# To do
For the data below, transcribe the part that opens with the line containing "カスカイスでビファナとミックスサラダ！ビール！" and closes with the line containing "Champion Vintage 90s", exactly and with no pictures.

# Records shown
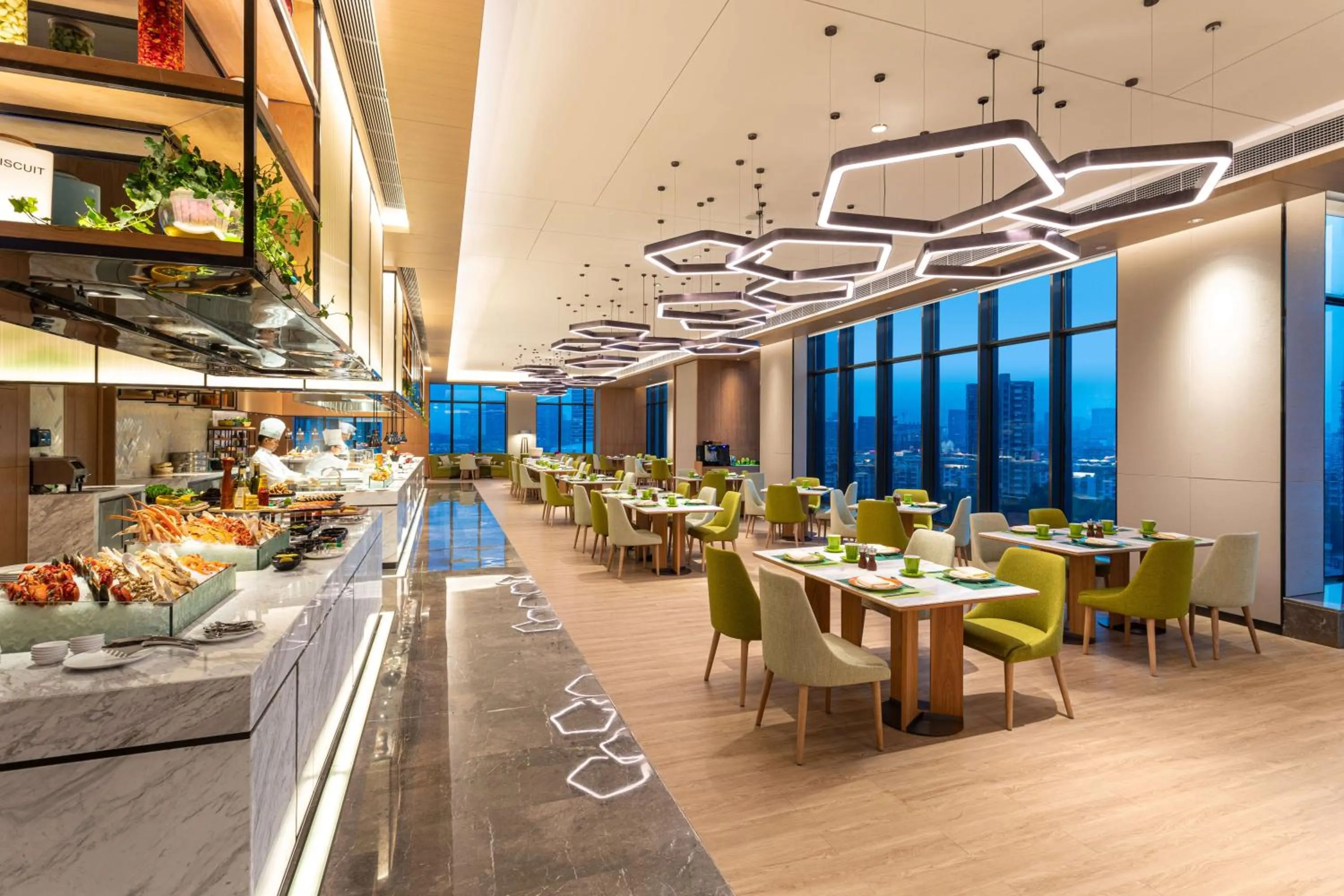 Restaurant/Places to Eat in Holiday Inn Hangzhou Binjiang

...

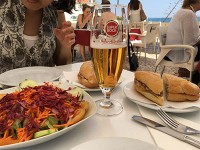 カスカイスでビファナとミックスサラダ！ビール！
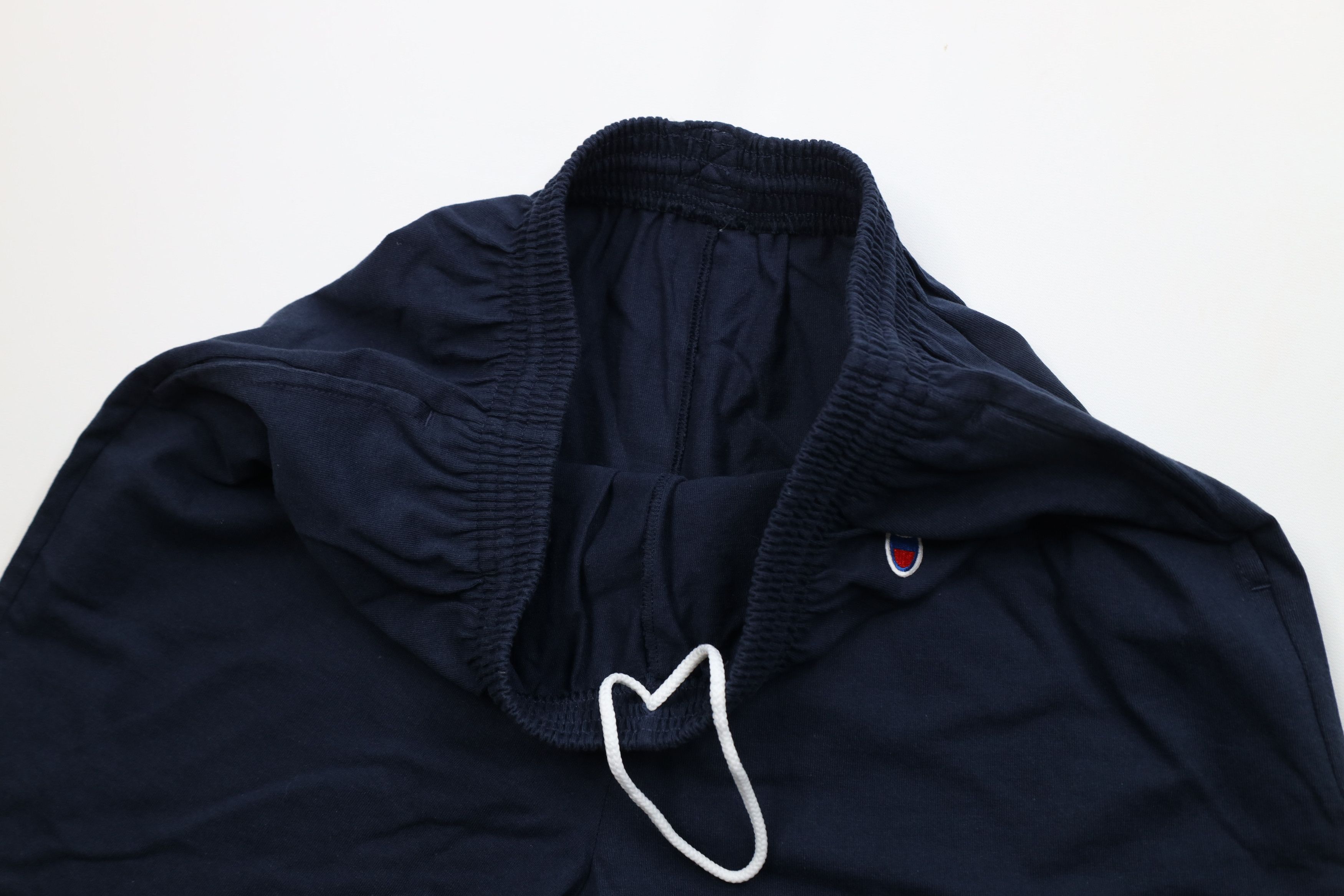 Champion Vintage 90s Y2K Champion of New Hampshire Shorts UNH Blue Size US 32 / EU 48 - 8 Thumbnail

# Output for this exercise
 カスカイスでビファナとミックスサラダ！ビール！
 Champion Vintage 90s Y2K Champion of New Hampshire Shorts UNH Blue Size US 32 / EU 48 - 8 Thumbnail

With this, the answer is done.